Will Xbox’s Developer Direct make a splash?

After a quiet 2022, Xbox kicks off 2023 with a “Developer_Direct” livestream. With deep dives on hyped Xbox titles like Forza Motorsport and Redfall, the event should be a slam dunk. However, based on Microsoft’s hit and miss PR record, I’m worried.

On the one hand, their recent E3 shows are well produced, with solid trailers, minimal padding, and genuine surprises. However, Microsoft press events outside of E3 are almost always forgettable. Their ID@Xbox showcases run too long and leave hosting duties to unprepared Twitch “influencers.” Other one-offs like Inside Xbox and the Xbox Games Showcase Extended are so watered down and rigid in their presentation that even die hard fans skip them.

Xbox marketing also feels asleep at the wheel for large stretches of the year, packing almost all their big announcements in the E3 week presser and the occasional trailer or two during the December Game Awards show. And even though Game Pass is one of Xbox’s top selling points, new releases on the service rarely get the promotion they deserve. Most are sent out with a “fire and forget” approach. Each game is one small part of a bimonthly announcement of five or more unrelated releases crammed together in a single News Wire post.

Done well, a Developer Direct several times a year would address virtually all my hang ups with Xbox’s marketing strategy. The events would help even out Xbox’s schedule while building anticipation for upcoming Xbox games, big and small. But success requires a few critical elements.

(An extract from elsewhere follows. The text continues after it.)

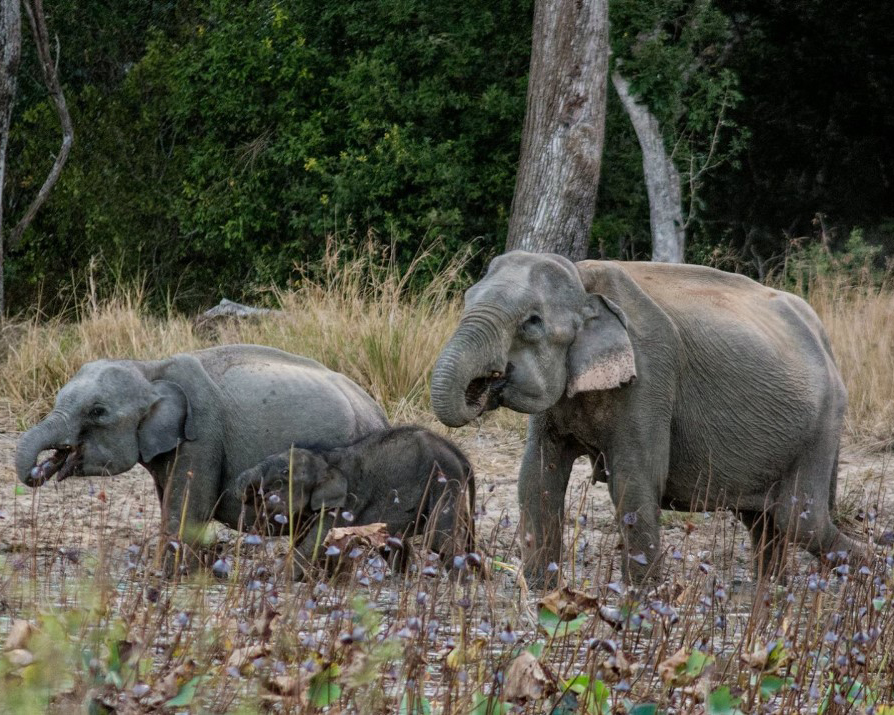 Dream Lanka Holidays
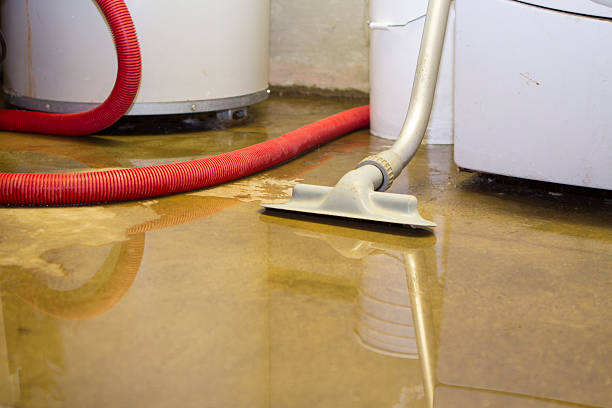 Best Flood restoration services  in Mont Clare, PA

The Developer Direct should, first and foremost, reveal firm release dates for every game showcased, at least specific to the month. Even if the gameplay isn’t noteworthy, Xbox fans have been waiting for big first party games for a long time. Dates add credibility.

The live stream also has to give the developers some time to talk, with enough of a leash to make them more approachable than corporate PR mouthpieces. Developer personalities will set the event apart from the “all trailer” atmosphere of Xbox’s E3 and Game Awards presence. They also play into Microsoft’s more approachable “house style” that would make a Developer Direct feel distinct from a Nintendo Direct or Sony State of Play. A blandly pleasant MC voiceover may keep the Sony and Nintendo directs briskly paced but ultimately becomes background noise; Xbox can chart a different path.

However, a little commentary goes a long way. The audience is showing up first and foremost for gameplay, so it’s crucial to treat talking heads as an appetizer to the action, not the main course. Except for Forza and Elder Scrolls, the games are new IPs. Most watchers only have context on the games from earlier teaser trailers. There’s no substitute for seeing the game in motion.

Finally, while it’s off the official agenda, I hope Microsoft spreads the wealth with a few minutes covering smaller titles launching soon on Game Pass. Granted, most will tune in for the heavy hitters, but an indie developer providing an intro and some gameplay narration can help small games shine in a way a corporate blog post blurb never would.

Developer Direct could be the start of Xbox marketing pulling their message together, a fun event we’ll look forward to every few months. Alternatively, it’s a colossal nothing burger that will be a distant memory long before E3. We’ll find out in 48 hours.